To say that the script (Ron Bass and Anna Hamilton Phelan, indicating problems, based on two biographies, “East To The Dawn” by Susan Butler and “The Sound of Wings” by Mary Lovell)) is banal doesn’t do it justice. For the life of me when it was over I couldn’t figure out how Nair got 111 minutes out of this script. But there are an awful lot of takeoffs and landings.

There are lots of things that she could have covered. Amelia’s backstory, when she was a nurse during the WWI Great Influenza Epidemic among many other things, is interesting but totally ignored.

In her 111 minutes, Nair could have covered the issue of whether Amelia was a terrific pilot or just a creation of Putnam’s PR genius, as has been speculated. Nair alludes to it, but she never really gets into whether or not Amelia really knew what she was doing in the cockpit, even though we see lots and lots and lots of scenes with her flying.

Despite Amelia’s compelling story Nair completely fails to capture it or the controversy that surrounds her to this day.
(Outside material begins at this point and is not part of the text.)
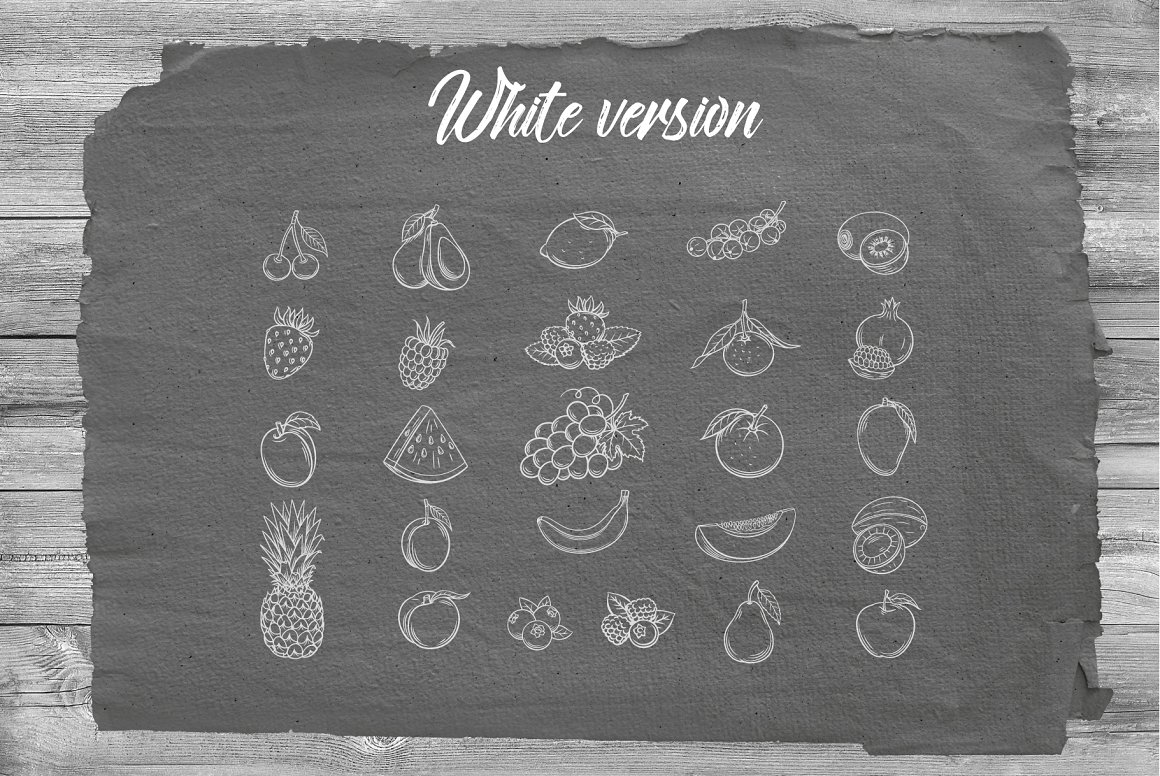 White lettering "White version" and white retro illustrations of fruits and berries on a gray background.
Oh, Nair does have Amelia say that her father was the funniest person she ever knew but was a horrible alcoholic who never gave her what she wanted. And she tells Putnam that the reason she always wears pants is because she has ugly legs. Well, gee, I’m glad I know those things.

The film barely gets in to Amelia’s relationship with Fred Noonan (Christopher Eccleston), the navigator on her ill-fated final flight. Reputed to be the best navigator extant, he was apparently also an alcoholic, like her father, and Amelia apparently had problems with him during the flight. But the film only alludes to that.
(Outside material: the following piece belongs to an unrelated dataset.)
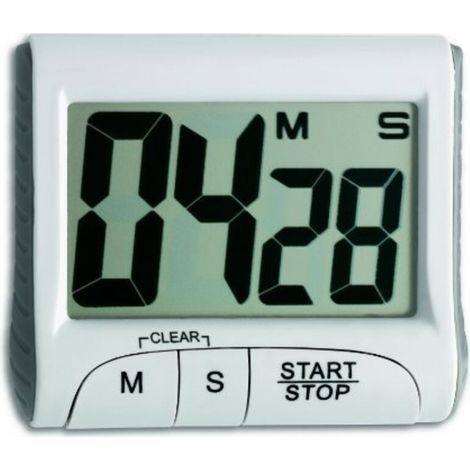 Digitaler Timer Und Stoppuhr, 38.2021.02, Countdown Bis Zu 99 Min./59 Sek., Eier-uhr, Speicherfunktion, Große Ziffern, Magnet/halterung, Weiß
The story is made more difficult by the time-warp way it’s told, flashing back and forth between the doomed final flight and Amelia’s recent story (that starts with her flight across the Atlantic in 1928 after a few scenes of her as a child and learning how to fly). It’s often difficult to tell what year it is.

Another factual problem is that the film shows that Amelia’s plane on her final flight couldn’t receive Morse Code signals, but the evidence is that the Navy did send Morse Code signals to her and she acknowledged receiving them.

That the film looks like something put together by people struggling to know how to make a film is perhaps understandable when one realizes Nair is a foreigner, has never worked with stars of this caliber, and that the Producer, Ted Waitt, is an amateur who made his money as co-founder of Gateway, Inc and is now a major philanthropist, but hasn’t even begun to make his bones as a moviemaker. Maybe one of the problems with the film is that Waitt chose someone born and raised in India to tell the story of a uniquely American icon. Nair tries to create an affinity between her and Amelia by saying, “I was born in a small town in India and Amelia was from a small-town in Kansas.” What? An American director would have had better sensibilities to American heritage.

The look is good. The cinematography (Stuart Drybuqgh) is gorgeous. Vivian Baker, Swank’s makeup artist did an award-deserving job with  Swank’s look, because she is a dead ringer for Amelia, except for the toothy smile, which eventually becomes annoying.

So, when I left the theater, I asked myself, what did I just spend almost two hours watching? Basically, I saw Swank smiling, takeoff, landing, Gere smiling, takeoff, landing, teeth, Swank and Gere smiling, takeoff, landing. This is looped for 111 minutes. Ugh.